Gut/Böse: Diese beiden Ausprägungen sind wechselweise austauschbar. Was für den einen das Gute ist, ist für den anderen gleichzeitig das Böse und auch das kann sich jederzeit umkehren. Im subjektiven Erleben nennen wir alles das gut, was wir mit angenehmen Erfahrungen verbinden und alles das böse, das mit Schmerzen verbunden ist. Wenn ein Mensch mit einem Lastwagen durch eine Menschenmenge rast und dabei 120 Menschen getötet werden, wird das von der mitteleuropäischen Kultur als terroristisch böser Akt empfunden, während in islamischer Kultur dasselbe Erlebnis toleriert wird und in fundamentalen Kreisen sogar als höchst zu belohnende gute Tat gilt. Damit ist Gut und Böse eine eindeutig kulturelle Angelegenheit. Peter Baelish war sein Leben lang überzeugt nur das Gute zu tun und zu wollen. Leider sind dadurch sehr viele Menschen ums Leben gekommen es hat lange gedauert bis Kleinfinger seiner Machenschaften überführt wurde, von Sansa verurteilt und schließlich von Ariya hingerichtet wurde. Was noch vor wenigen Jahren ganz normal war, wie zum Beispiel das Rauchen in einem Reisebus, ist heute völlig verpönt und wird von manchen Menschen sogar als feindlicher Akt angesehen. Zusammenfassend ist Gut und Böse kulturell und zeitlich abhängig und demzufolge vom Zeitgeist bestimmt.

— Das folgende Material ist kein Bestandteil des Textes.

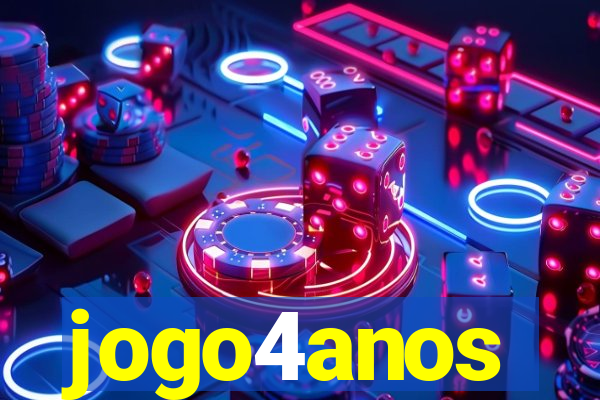 jogo4anos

Zusammenbruch: Zusammenbrüche von großen Systemen wie beispielsweise den antiken Gesellschaften kennen wir aus Geschichtsbüchern. Die meisten von uns haben aber auch schon in unterschiedlicher Ausprägung einen persönlichen Zusammenbruch erlebt. Sehr häufig eine gescheiterte Liebe, eine Todesfall, ein beruflicher Misserfolg, eine nicht bestandene Prüfung usw. So schlimm diese Ereignisse auch immer sind und gewesen sein mögen, das Leben geht auf jeden Fall weiter, auch wenn das im Todesfall sehr sehr schwierig ist. Weniger schwierig ist die ganze Angelegenheit, wenn man es als Zuschauer von außen betrachten kann. Es gibt auch Menschen die darüber erfreut sind und so etwas sogar genießen können. Ist im wirtschaftlichen Leben der Fall und kann man auch in der Entwicklung von Partnerschaften und Beziehungen mitverfolgen. Der Zusammenbruch in GoT wird durch das Abschmelzen der großen Mauer dargestellt. Der Wiedergänger-Drachen Viserion schmilzt die Jahrtausende alte Eismauer im Norden. Genau an diesem Punkt ist der Zusammenbruch zu erkennen. Die sieben Königslande und dessen Führer spüren und wissen aber noch nichts davon. Dies deshalb nicht, weil sie nicht in der Lage sind diese Kleinigkeit zu sehen und ihre Auswirkungen zu erkennen. Firmen, die unmittelbar vor deren Ende/Konkurs stehen ignorieren das auch und kaschieren das vielmehr mit zur Schau gestellter Performance. In diesen Situationen sind Firmen genau das, was sie am allerbesten gekonnt haben, nämlich Produkte vorstellen, Dienstleistungen präsentieren und das auf höchstem Niveau. Man darf sich also von der Performance alleine nicht täuschen lassen, das könnte bereits Ausdruck eines Zusammenbruches sein. Cersei setzt auf die Eiserne Bank um sich Söldner zu bezahlen – das hat sie immer so gemacht.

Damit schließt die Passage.